▶ [Problem to work on] Reproduce only what runs from the line containing "Apple - iPod" to the line containing "Snapshot of anlleloandangela" in the records below, inclusive. Keep it exact, and keep the pictures out.

▶ [Task material]
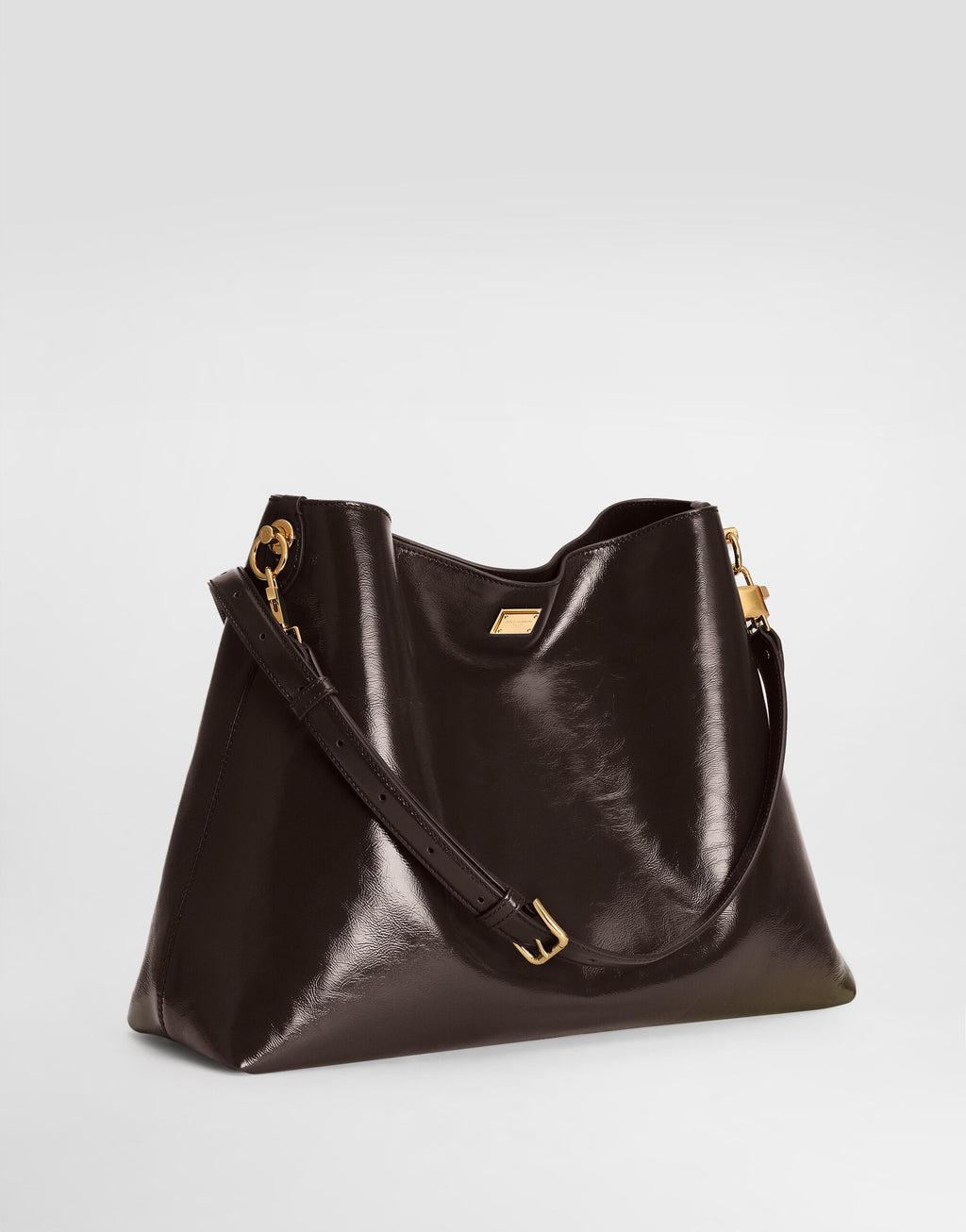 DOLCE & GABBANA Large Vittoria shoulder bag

==

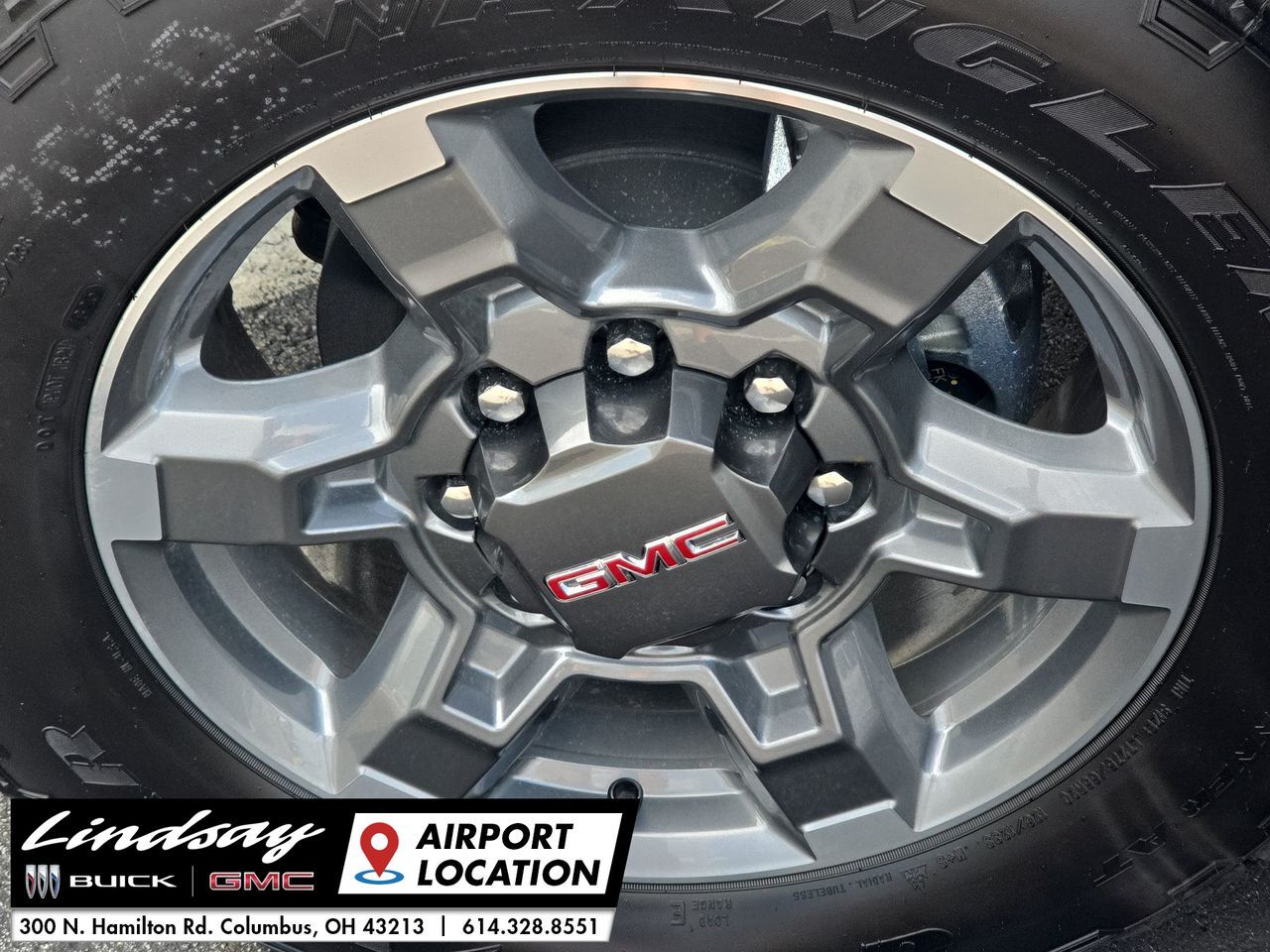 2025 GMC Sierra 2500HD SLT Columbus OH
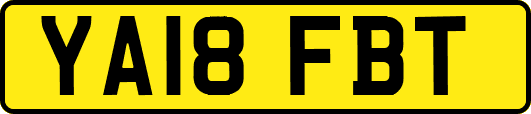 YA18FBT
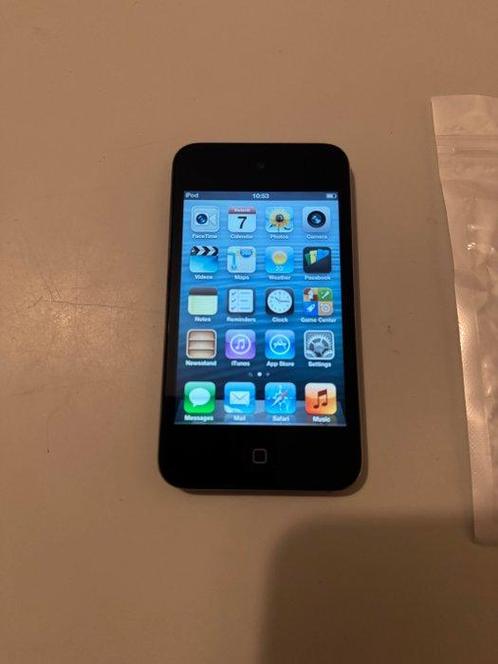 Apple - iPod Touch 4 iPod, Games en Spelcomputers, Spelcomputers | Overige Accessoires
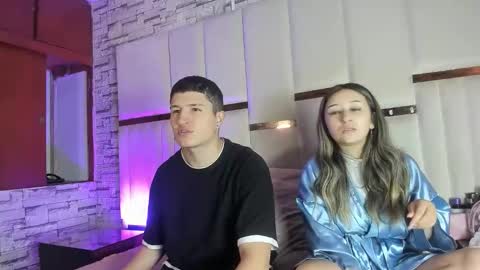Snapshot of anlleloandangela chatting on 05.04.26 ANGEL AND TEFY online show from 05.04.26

▶ [Response to the exercise]
 Apple - iPod Touch 4 iPod, Games en Spelcomputers, Spelcomputers | Overige Accessoires
Snapshot of anlleloandangela chatting on 05.04.26 ANGEL AND TEFY online show from 05.04.26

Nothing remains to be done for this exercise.